Information supplied:

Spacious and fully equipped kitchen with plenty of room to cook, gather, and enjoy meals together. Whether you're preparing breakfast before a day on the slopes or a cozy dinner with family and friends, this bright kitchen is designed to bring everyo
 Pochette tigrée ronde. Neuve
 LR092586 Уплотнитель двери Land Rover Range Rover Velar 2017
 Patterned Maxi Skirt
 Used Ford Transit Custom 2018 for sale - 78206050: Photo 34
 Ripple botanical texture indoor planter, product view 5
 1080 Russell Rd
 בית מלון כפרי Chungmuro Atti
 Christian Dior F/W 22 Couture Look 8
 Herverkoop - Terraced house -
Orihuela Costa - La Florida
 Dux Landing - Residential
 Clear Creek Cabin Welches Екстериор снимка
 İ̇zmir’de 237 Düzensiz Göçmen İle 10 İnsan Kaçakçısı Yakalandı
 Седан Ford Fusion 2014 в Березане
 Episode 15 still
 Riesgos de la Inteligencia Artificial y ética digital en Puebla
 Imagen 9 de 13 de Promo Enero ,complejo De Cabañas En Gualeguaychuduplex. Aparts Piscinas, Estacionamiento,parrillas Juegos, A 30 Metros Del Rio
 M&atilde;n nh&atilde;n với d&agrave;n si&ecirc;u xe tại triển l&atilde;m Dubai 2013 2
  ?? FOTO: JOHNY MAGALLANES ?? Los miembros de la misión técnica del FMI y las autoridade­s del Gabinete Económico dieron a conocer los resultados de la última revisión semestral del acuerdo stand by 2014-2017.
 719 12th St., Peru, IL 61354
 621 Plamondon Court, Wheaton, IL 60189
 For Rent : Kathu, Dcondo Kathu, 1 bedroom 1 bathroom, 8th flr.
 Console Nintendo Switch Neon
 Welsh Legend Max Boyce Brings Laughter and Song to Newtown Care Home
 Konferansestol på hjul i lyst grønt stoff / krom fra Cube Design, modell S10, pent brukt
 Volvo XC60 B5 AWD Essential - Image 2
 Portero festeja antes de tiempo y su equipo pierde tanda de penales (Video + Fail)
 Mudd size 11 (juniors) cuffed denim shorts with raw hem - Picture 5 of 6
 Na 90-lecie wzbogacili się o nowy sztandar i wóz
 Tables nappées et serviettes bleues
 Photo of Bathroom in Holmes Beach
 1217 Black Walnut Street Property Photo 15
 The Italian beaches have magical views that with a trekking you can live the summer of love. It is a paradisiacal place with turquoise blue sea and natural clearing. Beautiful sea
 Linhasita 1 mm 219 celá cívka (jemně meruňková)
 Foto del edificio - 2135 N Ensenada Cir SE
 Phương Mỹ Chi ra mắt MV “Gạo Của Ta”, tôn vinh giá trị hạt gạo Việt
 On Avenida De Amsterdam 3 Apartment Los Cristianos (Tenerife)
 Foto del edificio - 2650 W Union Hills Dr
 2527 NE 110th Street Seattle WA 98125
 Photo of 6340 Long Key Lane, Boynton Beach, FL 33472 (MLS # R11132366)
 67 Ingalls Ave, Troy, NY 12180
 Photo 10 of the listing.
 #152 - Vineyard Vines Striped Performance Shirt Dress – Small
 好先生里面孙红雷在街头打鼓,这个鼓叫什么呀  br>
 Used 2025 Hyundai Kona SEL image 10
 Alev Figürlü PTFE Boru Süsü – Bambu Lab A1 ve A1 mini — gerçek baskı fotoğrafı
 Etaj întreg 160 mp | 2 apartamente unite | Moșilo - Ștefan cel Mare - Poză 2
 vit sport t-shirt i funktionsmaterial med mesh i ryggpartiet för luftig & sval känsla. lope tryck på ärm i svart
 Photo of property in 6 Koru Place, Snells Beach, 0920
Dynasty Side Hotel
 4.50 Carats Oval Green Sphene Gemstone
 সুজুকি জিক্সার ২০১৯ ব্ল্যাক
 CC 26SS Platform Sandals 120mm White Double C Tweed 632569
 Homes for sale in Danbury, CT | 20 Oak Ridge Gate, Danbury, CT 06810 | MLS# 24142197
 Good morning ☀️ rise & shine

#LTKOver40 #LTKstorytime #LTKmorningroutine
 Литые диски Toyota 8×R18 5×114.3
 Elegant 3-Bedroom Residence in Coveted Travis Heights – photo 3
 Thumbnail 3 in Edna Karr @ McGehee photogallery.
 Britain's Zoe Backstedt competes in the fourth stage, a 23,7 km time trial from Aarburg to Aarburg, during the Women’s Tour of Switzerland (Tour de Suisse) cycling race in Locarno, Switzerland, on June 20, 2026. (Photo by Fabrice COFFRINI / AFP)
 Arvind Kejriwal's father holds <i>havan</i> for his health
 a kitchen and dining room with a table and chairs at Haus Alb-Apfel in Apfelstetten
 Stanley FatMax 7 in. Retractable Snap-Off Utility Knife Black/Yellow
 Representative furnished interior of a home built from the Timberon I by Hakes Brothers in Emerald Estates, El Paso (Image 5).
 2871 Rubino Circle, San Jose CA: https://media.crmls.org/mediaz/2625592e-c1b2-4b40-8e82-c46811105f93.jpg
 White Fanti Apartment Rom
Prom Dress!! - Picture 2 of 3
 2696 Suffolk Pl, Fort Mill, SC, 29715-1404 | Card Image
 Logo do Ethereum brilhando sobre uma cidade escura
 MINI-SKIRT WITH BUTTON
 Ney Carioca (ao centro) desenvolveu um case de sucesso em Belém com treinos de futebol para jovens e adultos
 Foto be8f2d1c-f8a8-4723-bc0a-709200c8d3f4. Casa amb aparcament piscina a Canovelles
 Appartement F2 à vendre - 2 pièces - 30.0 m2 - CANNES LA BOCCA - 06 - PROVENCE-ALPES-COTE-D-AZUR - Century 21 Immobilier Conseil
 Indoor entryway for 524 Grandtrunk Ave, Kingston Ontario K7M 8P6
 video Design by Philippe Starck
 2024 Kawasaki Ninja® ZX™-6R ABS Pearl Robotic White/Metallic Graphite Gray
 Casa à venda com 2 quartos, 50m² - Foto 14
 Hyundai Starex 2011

Assignment:
Copy out the entries above exactly as given, starting at the top and ending with the line containing "1217 Black Walnut Street Property Photo 15"; include both and nothing more.

Response below:
Spacious and fully equipped kitchen with plenty of room to cook, gather, and enjoy meals together. Whether you're preparing breakfast before a day on the slopes or a cozy dinner with family and friends, this bright kitchen is designed to bring everyo
 Pochette tigrée ronde. Neuve
 LR092586 Уплотнитель двери Land Rover Range Rover Velar 2017
 Patterned Maxi Skirt
 Used Ford Transit Custom 2018 for sale - 78206050: Photo 34
 Ripple botanical texture indoor planter, product view 5
 1080 Russell Rd
 בית מלון כפרי Chungmuro Atti
 Christian Dior F/W 22 Couture Look 8
 Herverkoop - Terraced house -
Orihuela Costa - La Florida
 Dux Landing - Residential
 Clear Creek Cabin Welches Екстериор снимка
 İ̇zmir’de 237 Düzensiz Göçmen İle 10 İnsan Kaçakçısı Yakalandı
 Седан Ford Fusion 2014 в Березане
 Episode 15 still
 Riesgos de la Inteligencia Artificial y ética digital en Puebla
 Imagen 9 de 13 de Promo Enero ,complejo De Cabañas En Gualeguaychuduplex. Aparts Piscinas, Estacionamiento,parrillas Juegos, A 30 Metros Del Rio
 M&atilde;n nh&atilde;n với d&agrave;n si&ecirc;u xe tại triển l&atilde;m Dubai 2013 2
  ?? FOTO: JOHNY MAGALLANES ?? Los miembros de la misión técnica del FMI y las autoridade­s del Gabinete Económico dieron a conocer los resultados de la última revisión semestral del acuerdo stand by 2014-2017.
 719 12th St., Peru, IL 61354
 621 Plamondon Court, Wheaton, IL 60189
 For Rent : Kathu, Dcondo Kathu, 1 bedroom 1 bathroom, 8th flr.
 Console Nintendo Switch Neon
 Welsh Legend Max Boyce Brings Laughter and Song to Newtown Care Home
 Konferansestol på hjul i lyst grønt stoff / krom fra Cube Design, modell S10, pent brukt
 Volvo XC60 B5 AWD Essential - Image 2
 Portero festeja antes de tiempo y su equipo pierde tanda de penales (Video + Fail)
 Mudd size 11 (juniors) cuffed denim shorts with raw hem - Picture 5 of 6
 Na 90-lecie wzbogacili się o nowy sztandar i wóz
 Tables nappées et serviettes bleues
 Photo of Bathroom in Holmes Beach
 1217 Black Walnut Street Property Photo 15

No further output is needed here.